Forum Discussion
Help with MMULT for a range containing 100,000+ values
Sorry, the HSTACK was little more than cosmetic tidying up. This is the same function stripped right back to a relative reference.
= SUM(XLOOKUP(@distinct,letter,number,,, 1):XLOOKUP(@distinct,letter,number,,,-1))
Is there a way to implement the solution without MAP / LAMBDA.
- PeterBartholomew1Jun 02, 2022Silver Contributor
So you still have something to look forward to! I couldn't wait, so put my semi-annual update aside and licenced a personal version (insider beta) in order to get to grips with the tumultuous changes.
If you are prepared to accept relative referencing and copy-fill-down then the formula
= SUM( XLOOKUP(@distinct,letter,number,,, 1) : XLOOKUP(@distinct,letter,number,,,-1) )will do the same job (green header).
- dipankar_deJun 02, 2022Copper ContributorHello Peter, I am not really keen to implement copy-fill-down formulas. Reason being sheer size of everchanging data which might run way past the copy-filled formula range.

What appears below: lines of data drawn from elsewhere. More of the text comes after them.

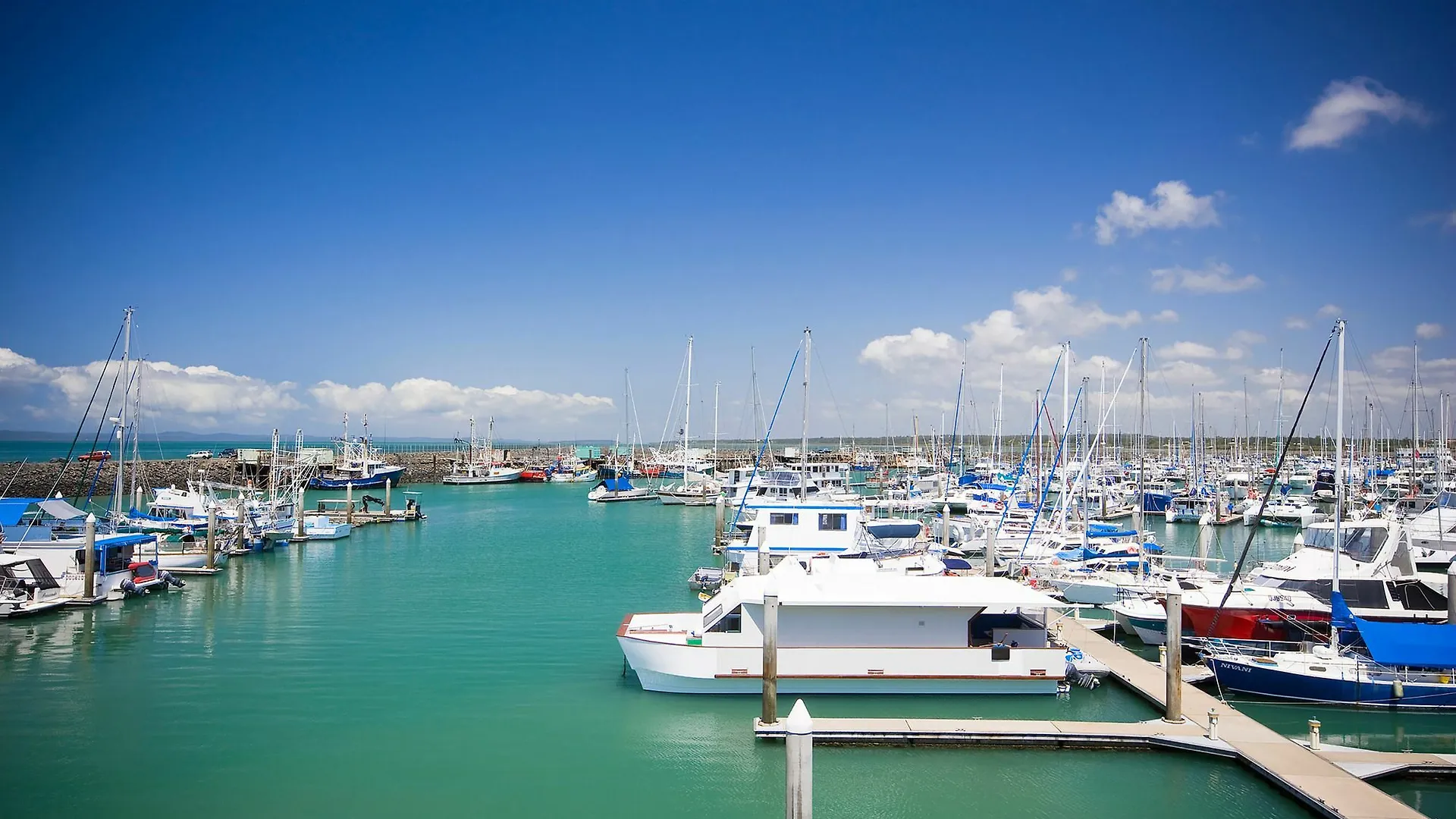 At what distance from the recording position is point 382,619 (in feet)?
94.2

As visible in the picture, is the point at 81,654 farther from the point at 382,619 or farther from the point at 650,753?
the point at 650,753

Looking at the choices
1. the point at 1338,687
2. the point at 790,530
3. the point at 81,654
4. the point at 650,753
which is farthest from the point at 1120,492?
the point at 81,654

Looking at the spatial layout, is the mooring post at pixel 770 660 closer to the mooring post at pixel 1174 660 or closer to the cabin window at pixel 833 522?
the mooring post at pixel 1174 660

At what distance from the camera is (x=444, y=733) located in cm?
1786

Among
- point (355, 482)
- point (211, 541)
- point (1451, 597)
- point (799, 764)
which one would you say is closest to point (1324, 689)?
point (1451, 597)

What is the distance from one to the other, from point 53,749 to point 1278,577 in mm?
30524

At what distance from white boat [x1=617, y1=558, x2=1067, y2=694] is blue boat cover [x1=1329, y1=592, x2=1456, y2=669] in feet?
20.9

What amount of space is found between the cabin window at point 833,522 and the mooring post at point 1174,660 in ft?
61.5

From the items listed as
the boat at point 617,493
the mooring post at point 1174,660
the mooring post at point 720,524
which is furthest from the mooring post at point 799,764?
the boat at point 617,493

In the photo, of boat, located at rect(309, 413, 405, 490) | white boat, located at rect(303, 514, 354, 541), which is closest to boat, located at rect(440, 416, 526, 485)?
boat, located at rect(309, 413, 405, 490)

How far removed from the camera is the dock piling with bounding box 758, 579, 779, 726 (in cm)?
1653

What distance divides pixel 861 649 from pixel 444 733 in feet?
29.7

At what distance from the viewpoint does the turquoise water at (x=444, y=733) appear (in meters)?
14.8

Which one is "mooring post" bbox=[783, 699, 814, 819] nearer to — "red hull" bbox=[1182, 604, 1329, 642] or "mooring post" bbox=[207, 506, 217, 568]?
"red hull" bbox=[1182, 604, 1329, 642] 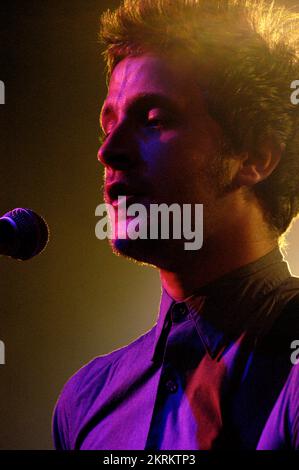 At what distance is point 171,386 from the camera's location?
52.1 inches

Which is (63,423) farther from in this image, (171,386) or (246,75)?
(246,75)

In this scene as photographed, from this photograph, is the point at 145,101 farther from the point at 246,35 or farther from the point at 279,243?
the point at 279,243

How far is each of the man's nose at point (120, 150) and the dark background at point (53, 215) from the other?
0.59 metres

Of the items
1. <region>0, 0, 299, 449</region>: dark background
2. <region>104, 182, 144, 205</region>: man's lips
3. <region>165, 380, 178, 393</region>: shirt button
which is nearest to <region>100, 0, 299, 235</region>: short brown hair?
<region>104, 182, 144, 205</region>: man's lips

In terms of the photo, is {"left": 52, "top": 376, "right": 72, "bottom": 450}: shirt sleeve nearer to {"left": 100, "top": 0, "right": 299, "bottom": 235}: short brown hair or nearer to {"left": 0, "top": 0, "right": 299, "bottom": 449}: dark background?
{"left": 0, "top": 0, "right": 299, "bottom": 449}: dark background

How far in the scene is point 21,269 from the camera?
6.89 feet

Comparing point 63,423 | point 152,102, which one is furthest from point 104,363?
point 152,102

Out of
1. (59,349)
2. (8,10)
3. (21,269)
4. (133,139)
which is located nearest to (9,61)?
(8,10)

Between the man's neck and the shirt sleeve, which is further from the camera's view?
the shirt sleeve

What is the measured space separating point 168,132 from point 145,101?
0.10 metres

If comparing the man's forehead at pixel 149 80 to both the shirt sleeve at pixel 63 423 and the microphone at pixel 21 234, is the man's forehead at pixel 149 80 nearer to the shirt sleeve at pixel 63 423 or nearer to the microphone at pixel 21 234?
the microphone at pixel 21 234

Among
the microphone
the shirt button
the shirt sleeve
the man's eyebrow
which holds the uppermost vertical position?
the man's eyebrow

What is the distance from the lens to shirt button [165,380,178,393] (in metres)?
1.31

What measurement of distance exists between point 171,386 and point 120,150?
1.95ft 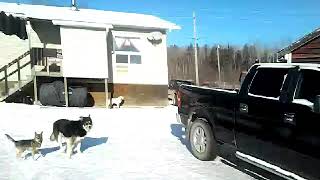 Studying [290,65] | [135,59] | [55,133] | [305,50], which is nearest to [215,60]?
[135,59]

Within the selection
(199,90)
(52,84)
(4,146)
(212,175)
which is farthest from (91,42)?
(212,175)

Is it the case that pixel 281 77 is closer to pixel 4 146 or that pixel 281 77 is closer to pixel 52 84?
pixel 4 146

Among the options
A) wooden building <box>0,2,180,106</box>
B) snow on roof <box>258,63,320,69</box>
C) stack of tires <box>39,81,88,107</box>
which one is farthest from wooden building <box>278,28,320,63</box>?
snow on roof <box>258,63,320,69</box>

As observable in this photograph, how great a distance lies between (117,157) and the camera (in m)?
9.34

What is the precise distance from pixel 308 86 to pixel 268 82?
36.9 inches

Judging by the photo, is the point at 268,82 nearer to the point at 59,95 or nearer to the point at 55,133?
the point at 55,133

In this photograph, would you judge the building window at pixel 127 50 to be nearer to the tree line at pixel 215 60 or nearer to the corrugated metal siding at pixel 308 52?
the corrugated metal siding at pixel 308 52

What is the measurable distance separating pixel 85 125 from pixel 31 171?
1629 mm

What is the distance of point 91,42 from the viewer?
2062cm

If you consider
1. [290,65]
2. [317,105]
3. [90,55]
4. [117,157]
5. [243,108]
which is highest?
[90,55]

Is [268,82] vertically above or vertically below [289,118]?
above

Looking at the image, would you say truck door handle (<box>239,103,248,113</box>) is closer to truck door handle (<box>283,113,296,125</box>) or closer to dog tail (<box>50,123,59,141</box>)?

Since this tool will be run by junior / inexperienced resources, even if I incorporate certain checks to validate correctness / completeness of data, they can very well overlook and ignore such checks and send out an incorrect utilization report. Hence, summarily trying to avoid copy-fill-down formulas. - SergeiBaklanJun 02, 2022Diamond Contributor
It all depends on concrete data. I assume we shall sumif 100000 range with > 7500 criteria elements. On my relatively slow PC
=SUMIFS( <100000 rows sum range>, <100000 rows names range>, <10000 rows unique names range> )
took about 15 sec.
I don't think that any formula with dynamic arrays, in general any other formula, will be working faster.
To compare, refresh of Power Query aggregation for the same dataset takes about 4 sec and 2-3 sec more if aggregate 8 columns at once.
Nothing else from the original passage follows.